Immigrants Tenement Alley: Click to Enlarge
When we first saw the Interior Pump-house location in April, it was a municipal facility that had been closed for decades and was about to undergo a major renovation into a combined office/restaurant venue. It was such a unique space and offered us so many fabulous sculptural elements to work with, we knew we had to use it even if staging dance sequences on the uneven floors and narrow walkways as originally discussed, presented some safety and logistical concerns. However, by the time we shot in late August, the script no longer had the dance sequences and abetted by an accommodating owner, timing was on our side and renovations hadn’t progressed very much. Thus, with some minor builds, dressing, FX water and steam, and stunning lighting, the space became embedded into the story as the seat of harsh, grimy, under-paid labour.
In the case of the Exterior Immigrants’ Tenement Alley location with it’s wonderful wall of tenement fire escapes, the very first conversations we had regarding its use were quite close to where we finally landed, except for one important detail. Less than two weeks before camera, a long awaited engineer’s assessment revealed that the fire escapes, where Rob was planning to stage several scenes, songs and camera positions, were not safe enough to walk on let alone put a cast and camera crew on. We could not afford to buy a solution, thus Rob in his incredibly chill way, again adjusted his directorial vision to suit the reality of the production, while still using the location to it’s fullest, accessible advantage. This alley location was in reality, a narrow through-way for delivery trucks servicing the real-life small businesses in the building. To define the immigrant neighbourhood, we designed the entrance stairs/doorway, defining window wall and fences, outhouses, lean-tos and laundry lines to be built for relatively easy install and uninstall on the understanding that it would have to be struck/reset once during our shooting schedule. As it turned out, late-arriving location demands and delivery truck schedules, combined with our own shooting schedule, meant that the Alley set had to be fully installed/uninstalled at least four full times. Clearly not an optimum situation yet the production value provided by the wall of fire escapes and the surrounding period-friendly building facades made it worthwhile to keep the location, despite these challenges.
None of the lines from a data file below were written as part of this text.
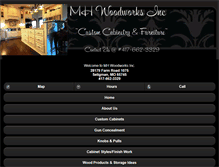Tablet Screenshot of mh-customwoodworks.com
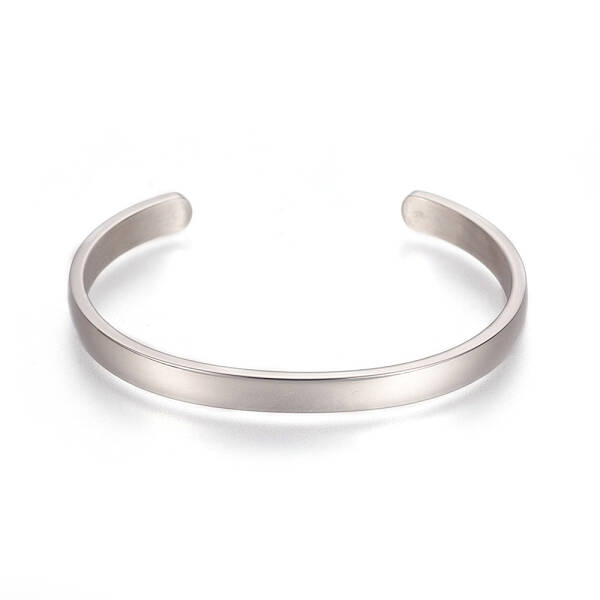Tarnish Resistant 304 Stainless Steel Cuff Bangles
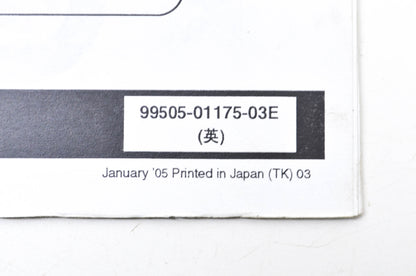 OEM Suzuki 99505-01175-03E VZ800K5 Assembly & Pre-Delivery Service Guide w/ Supp
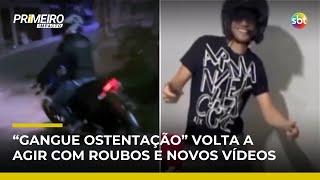 Roubos de motos e ostentação nas redes: gangue volta a agir na Grande SP | #PrimeiroImpacto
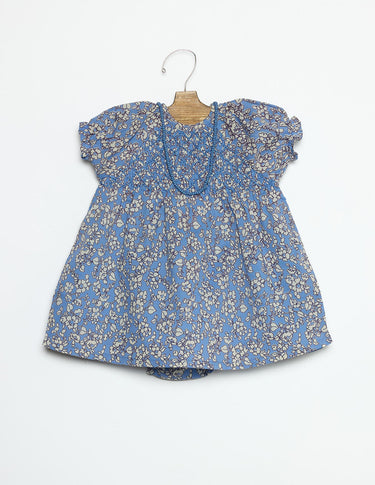 NEST DRESS BLOOM BLUE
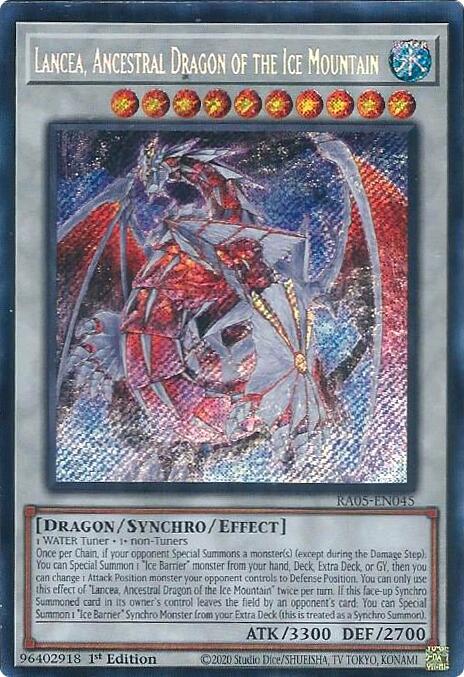 Lancea, Ancestral Dragon of the Ice Mountain (Secret Rare) [RA05-EN045] Secret Rare | Gear Gaming Fayetteville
The Interior Sokolowski and Almazoff Tenement Apartments and the Interior Tenement Common Hallway were sets built within empty floors of this same tenement building location. Using the existing window walls that overlooked the fire escapes and alley below, the additional set walls were built and reconfigured to create slight variations of the two low rent apartments, and although we missed not having the fire escapes as immediate performance spaces, being able to visually reference them helped us believably connect the Interior Tenement to the Immigrant Alley outside.
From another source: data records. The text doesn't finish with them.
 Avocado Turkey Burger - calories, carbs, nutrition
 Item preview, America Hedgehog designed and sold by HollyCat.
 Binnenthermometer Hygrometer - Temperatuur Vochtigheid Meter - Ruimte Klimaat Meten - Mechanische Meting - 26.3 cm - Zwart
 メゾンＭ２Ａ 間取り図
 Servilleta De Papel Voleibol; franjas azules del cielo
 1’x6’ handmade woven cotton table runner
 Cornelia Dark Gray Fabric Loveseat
Originally, the plan was to situate the Women’s Sweat Shop, the Jail set and the Labourers’ Printing Press within the same building as the Tenement, as there were several empty floors that could accommodate the retrofit builds. Once again, less than 2 weeks before these scenes were to be shot, location access and noise became huge deterrents, and we had to find new locations immediately, and I had to design accordingly. With only one probable alternative location found, and the clock ticking, I remember well the survey with my art director, set designer, construction manager, and key scenic all looking at me for immediate direction. It seemed absurd, yet it was a true case of designing on the spot, and thanks to the team’s patience, support, and talent, and some good architectural attributes to work with, we pulled off a triple-hitter literally in one location; the Jail set was built at one end of a long room, the Sewing Sweat Shop at the other end, and the Labourer’s Printing Press in the basement. For a dense few days, carpenters, painters, dressers, shooting crew, were literally dancing on top of each other… not a great situation, yet I have to say, what we collectively pulled off was impressive.
Various Final STAND! Sets: Click to Enlarge
Emulating 1919 and the world of the Winnipeg General Strike on a small budget presented the primary pressure and challenge for the entire production team, not least because it meant shooting on a schedule and budget akin to a Contemporary MOW. The STAND! narrative is for the most part contained within the immigrant community, yet the actual Winnipeg General Strike boasted a walkout of 30,000 people, the largest of its kind in North America, and this called for a few scenes to be staged on an epic scale. Two examples of how a large outcome was achieved are the labour marches and the use of the highly impressive provincial legislative building where the eponymous ‘stand’ occurs.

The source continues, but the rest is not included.